Content starts

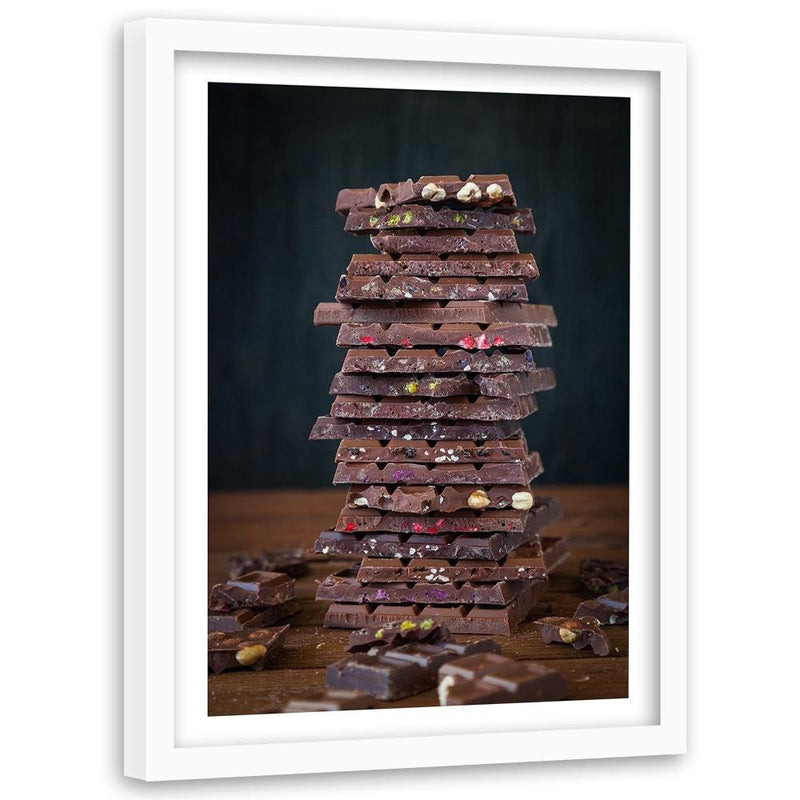 Glezna baltā rāmī - Tower With Chocolate Dessert 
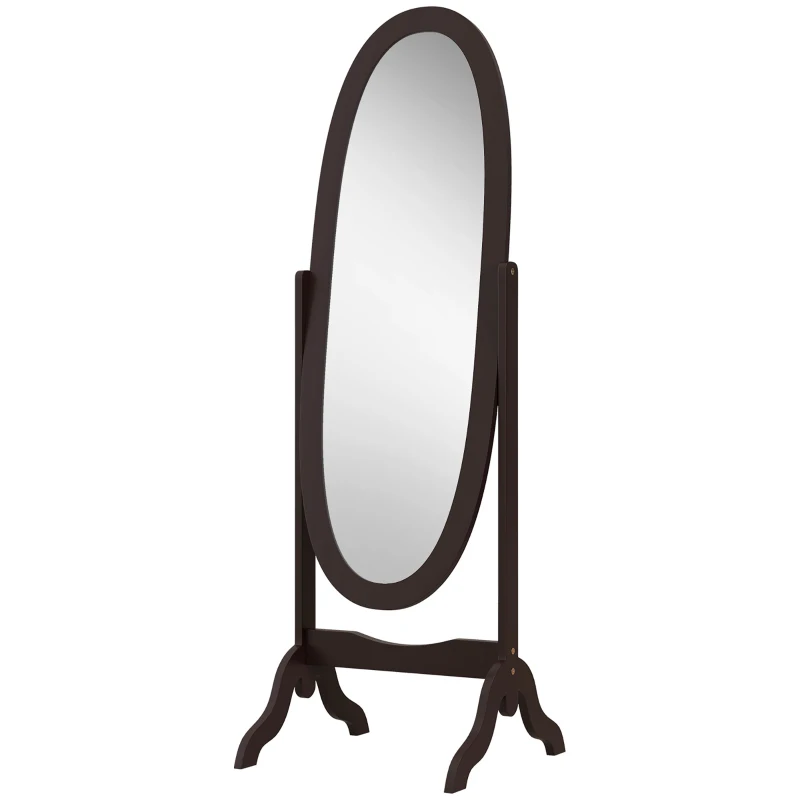 HOMCOM Floor Standing Mirror Full Length Mirror with Adjustable Angle Oval Frame for Dressing Room Bedroom Living Room Coffee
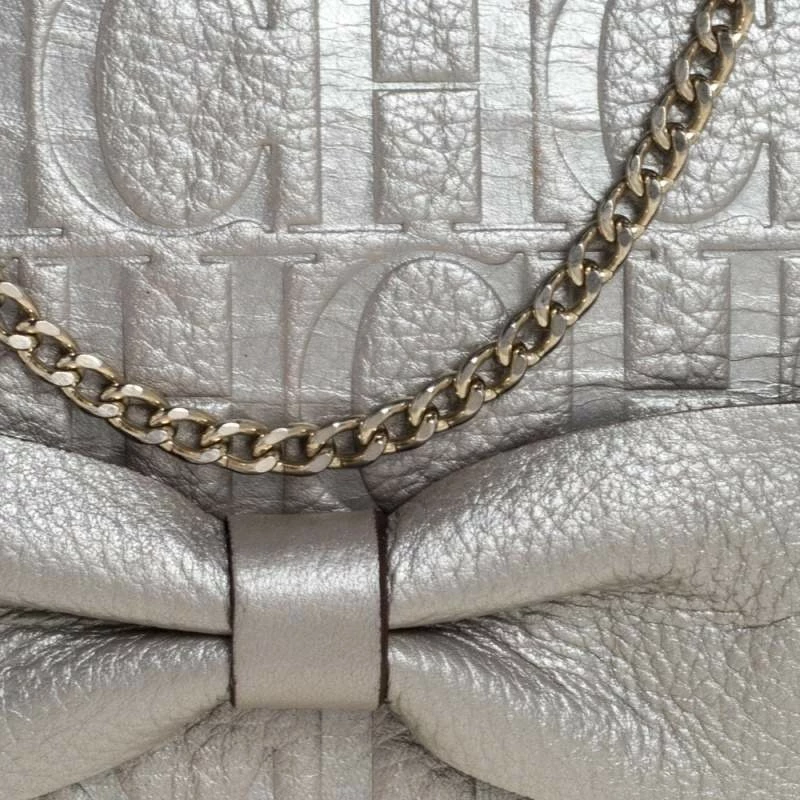Carolina Herrera Silver Monogram Leather Bow Chain Clutch Women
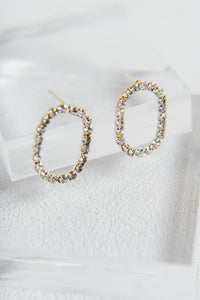 Dimond Oval Dipped Hugger Earrings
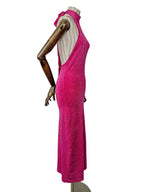 De La Vali Pink Shimmer Halterneck Midi Dress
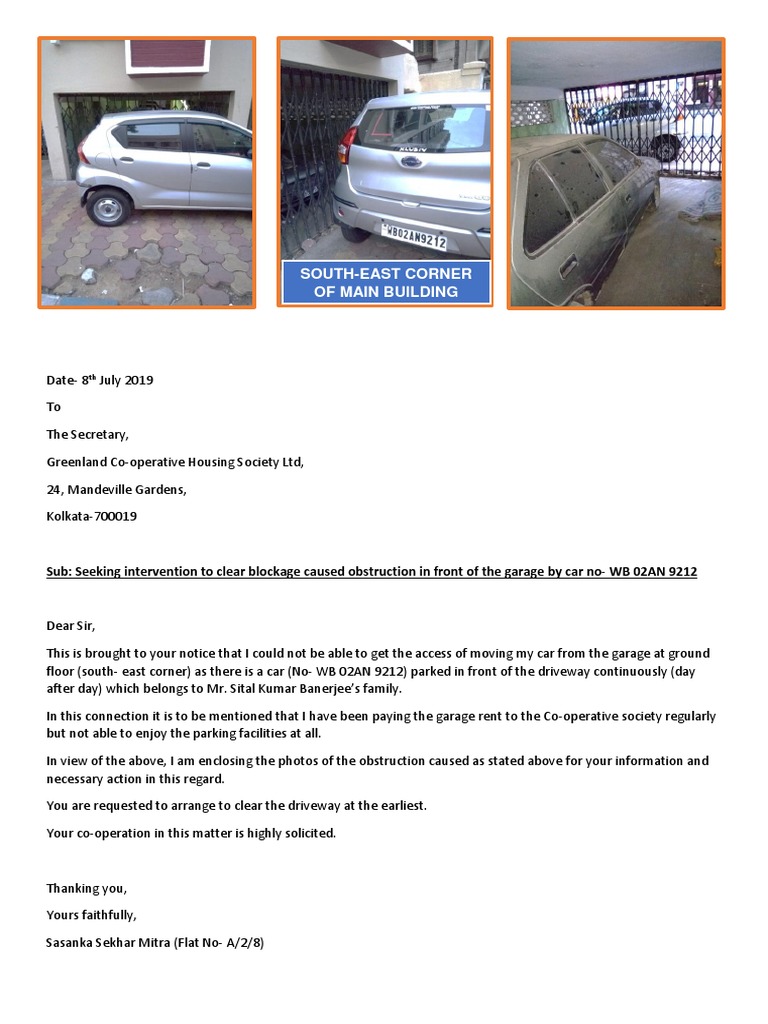 Request to Clear Garage Obstruction | PDF
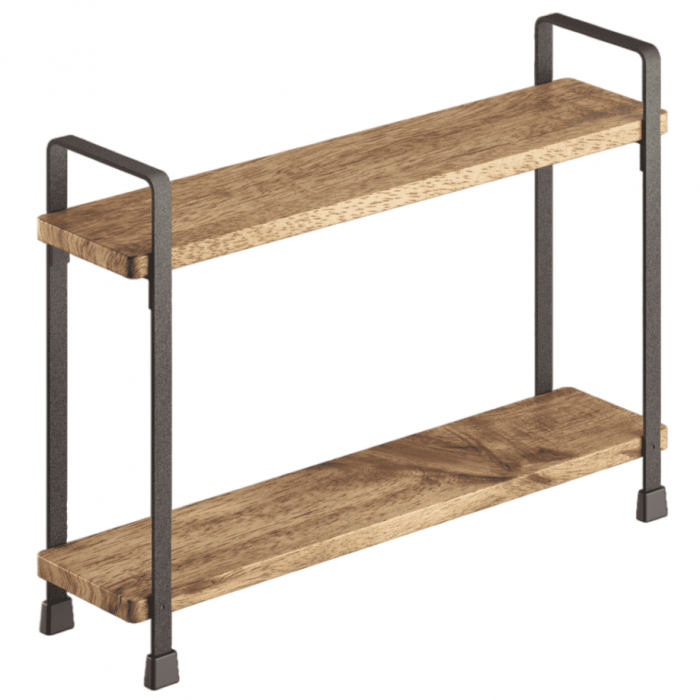 Raft York cu 2 etaje din lemn de acacia, 34x8x23 cm [1]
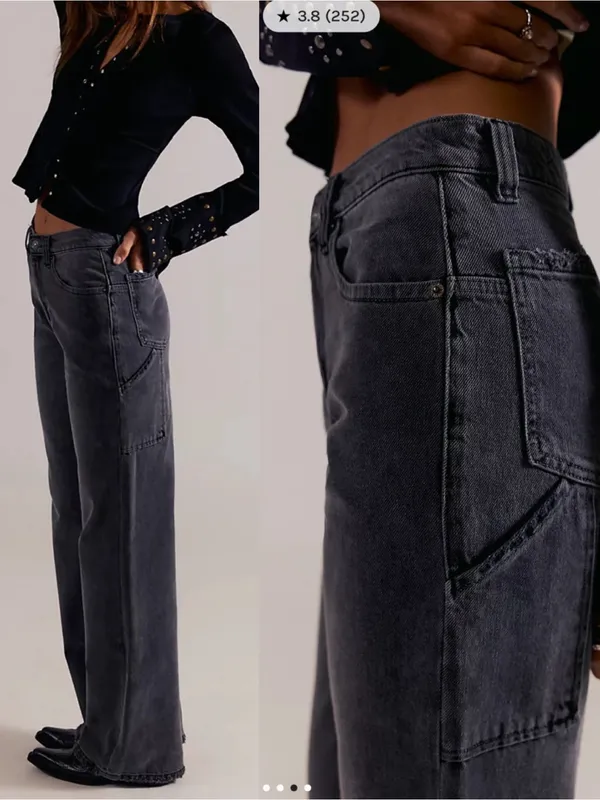 Free People X We The Free Tinsley Baggy High-Rise Jeans Celestial Black - Image 8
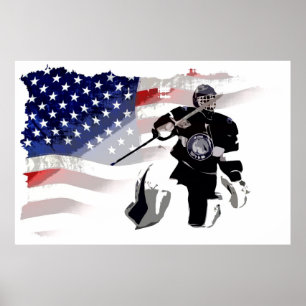 Hockey Goalie e Poster de Bandeira dos EUA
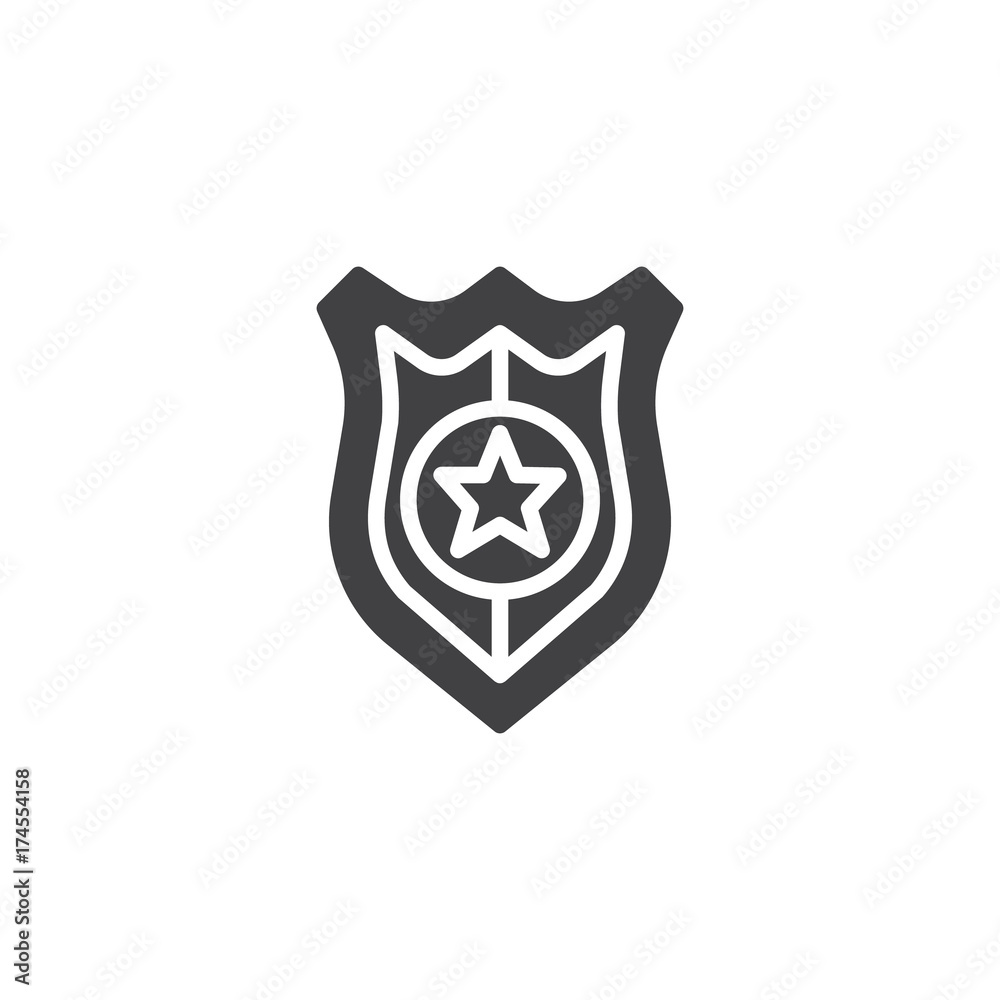 Police badge icon vector, filled flat sign, solid pictogram isolated on white. Symbol, logo illustration. Police badge icon vector, filled flat sign, solid pictogram isolated on white. Symbol, logo illustration.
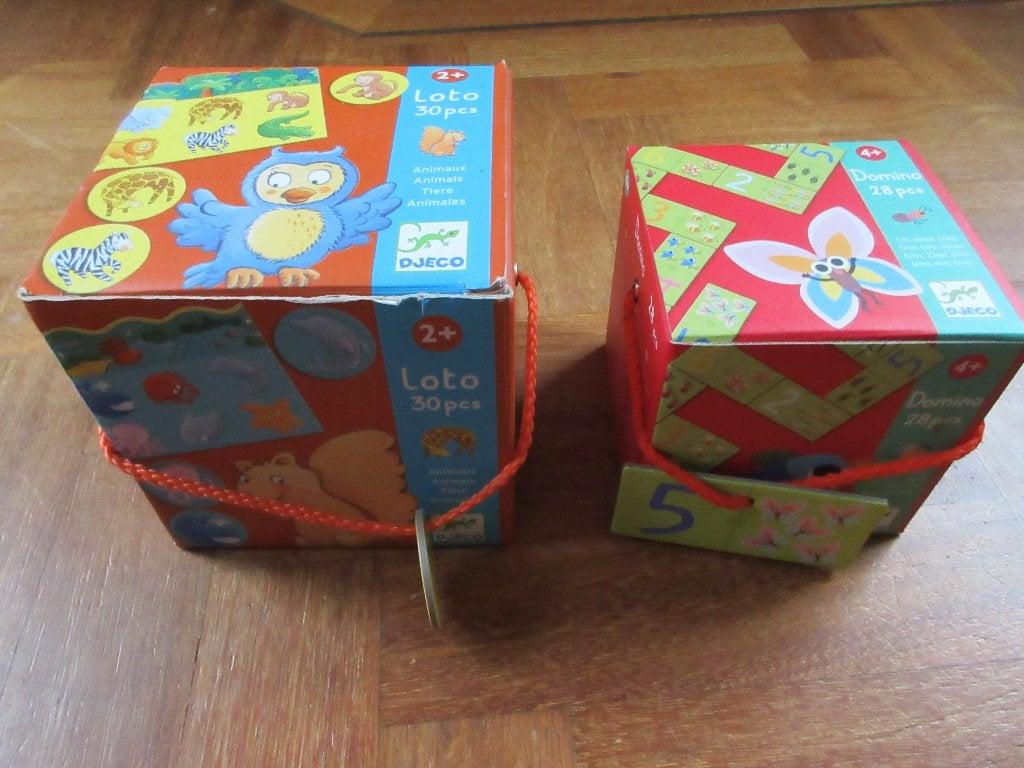2 x Djeco : domino + Lotto dieren, Ophalen of Verzenden, Gebruikt, Puzzelen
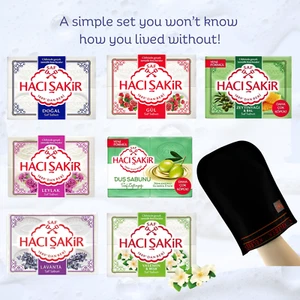  Haci Sakir Turkish Bath Hammam Soap (4x150 gr) w Exfoliating Mitt Glove Kese  - Picture 1 of 16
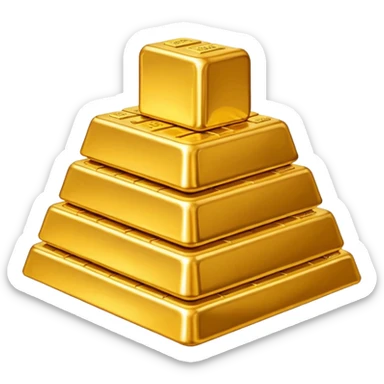Mountain of gold bars sticker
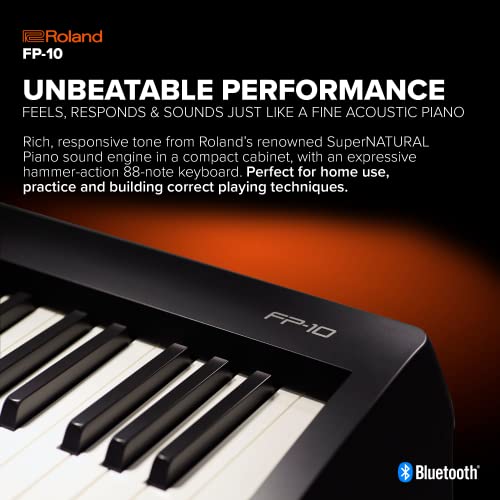 Roland FP-10 â€” Piano digital de 88 teclas portÃ¡til, ideal para tocar en casa y practicar, negro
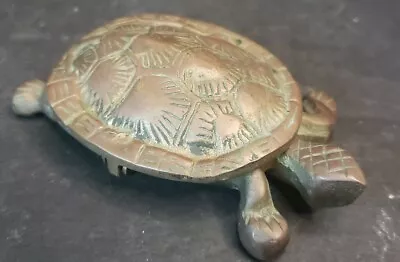 Turtle Tortiose Hinged Trinket Box Metal - Shell Opens • $19.99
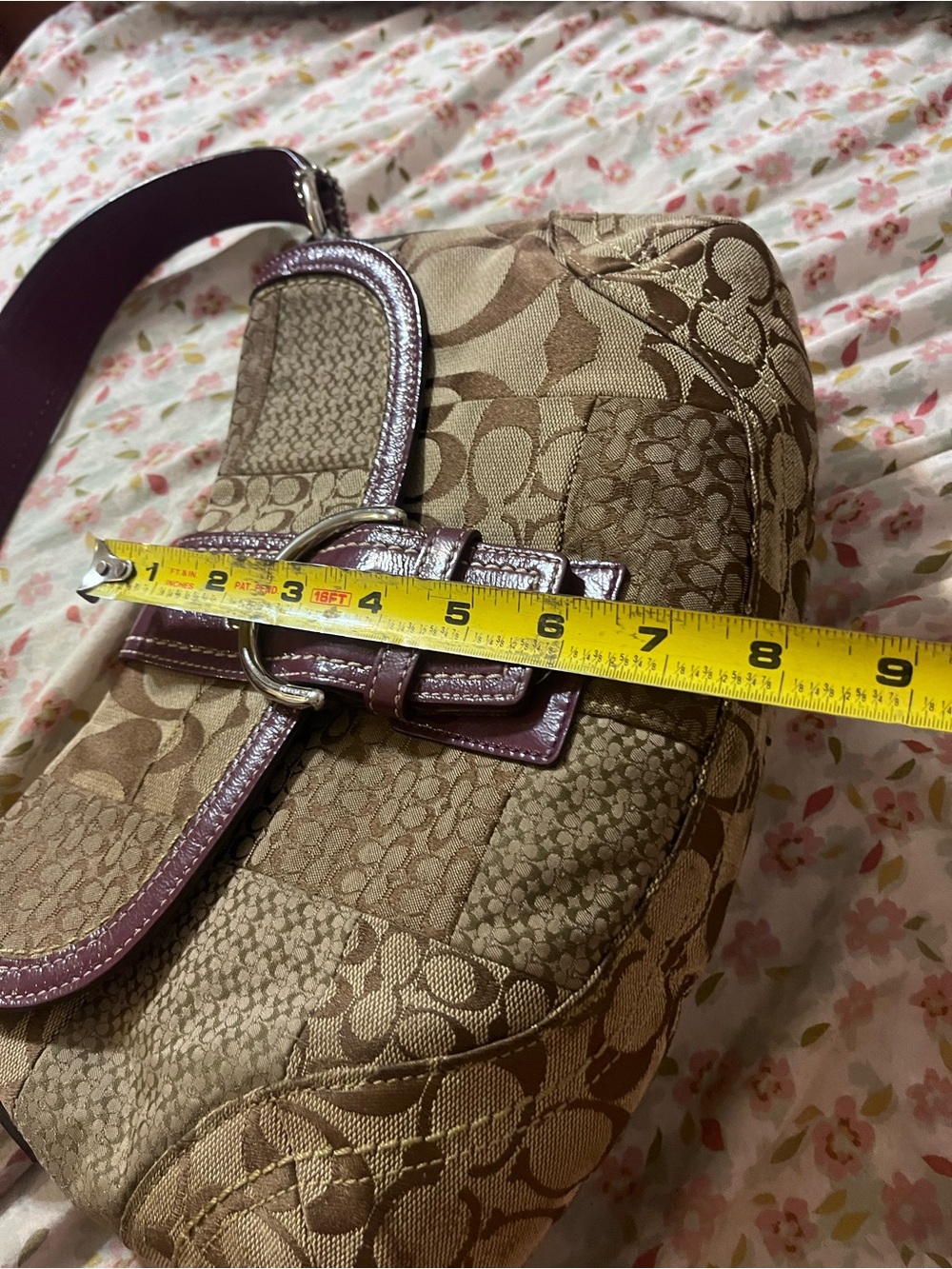 Coach Brown Signature Patchwork Shoulder Bag with Purple Trim - Picture 6 of 12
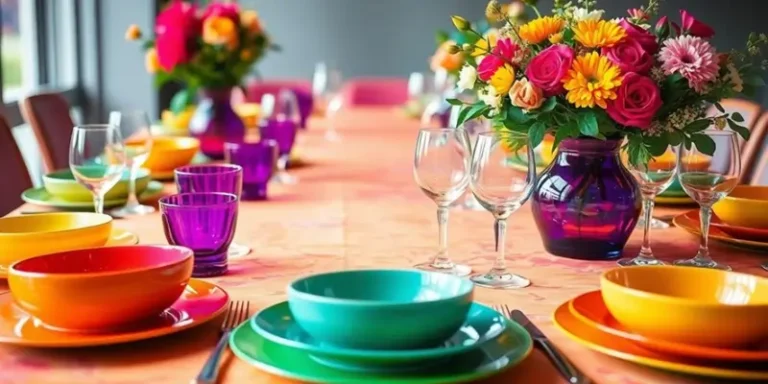 Mesa Posta com Louças Coloridas: Como Criar uma Composição Alegre e Sofisticada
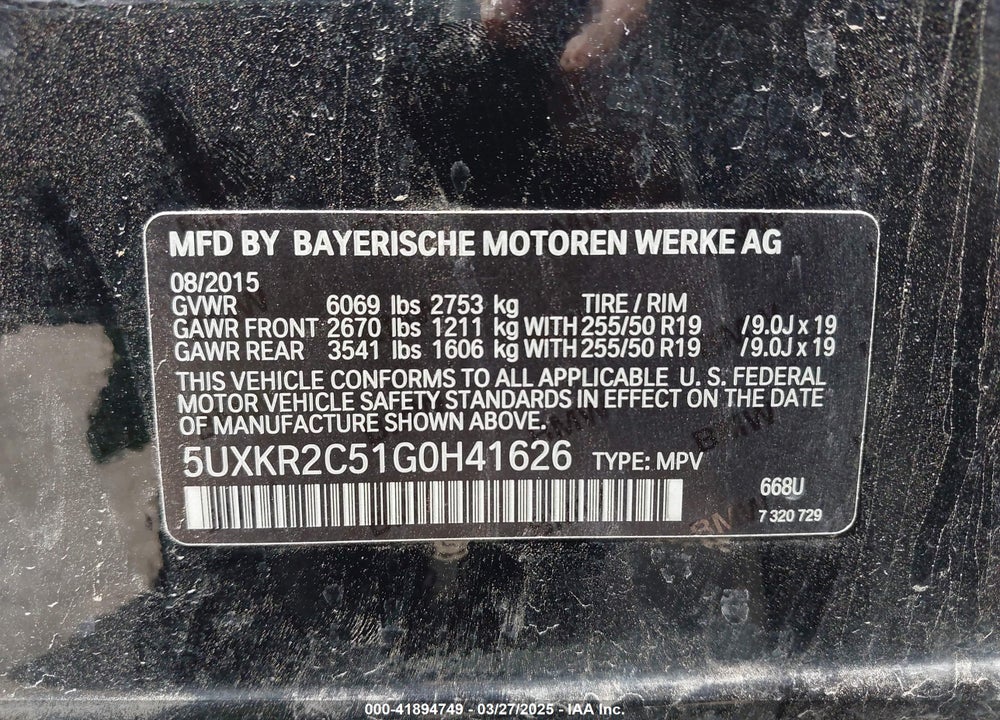 2016 BMW X5 VIN: 5UXKR2C51G0H41626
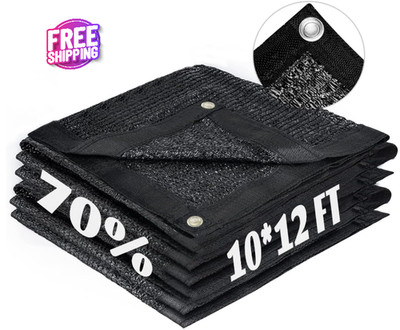 Tela De Sombra Negra 10x12 Para El Sol Patio Exterior Carros Y Plantas En Oferta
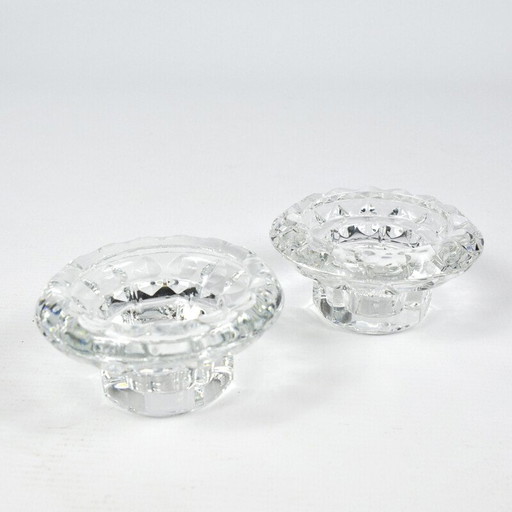 Paire de bougeoirs en cristal vintage pour Kall Glass, Allemagne 1980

Content ends

Using the data above, which lines fall from the one with "Hockey Goalie e Poster de Bandeira dos EUA" through the one with "Tela De Sombra"? Repeat them exactly, ends included, minus any pictures.

> **Exercise output**
 Hockey Goalie e Poster de Bandeira dos EUA
 Police badge icon vector, filled flat sign, solid pictogram isolated on white. Symbol, logo illustration. Police badge icon vector, filled flat sign, solid pictogram isolated on white. Symbol, logo illustration.
2 x Djeco : domino + Lotto dieren, Ophalen of Verzenden, Gebruikt, Puzzelen
  Haci Sakir Turkish Bath Hammam Soap (4x150 gr) w Exfoliating Mitt Glove Kese  - Picture 1 of 16
Mountain of gold bars sticker
 Roland FP-10 â€” Piano digital de 88 teclas portÃ¡til, ideal para tocar en casa y practicar, negro
 Turtle Tortiose Hinged Trinket Box Metal - Shell Opens • $19.99
 Coach Brown Signature Patchwork Shoulder Bag with Purple Trim - Picture 6 of 12
 Mesa Posta com Louças Coloridas: Como Criar uma Composição Alegre e Sofisticada
 2016 BMW X5 VIN: 5UXKR2C51G0H41626
 Tela De Sombra Negra 10x12 Para El Sol Patio Exterior Carros Y Plantas En Oferta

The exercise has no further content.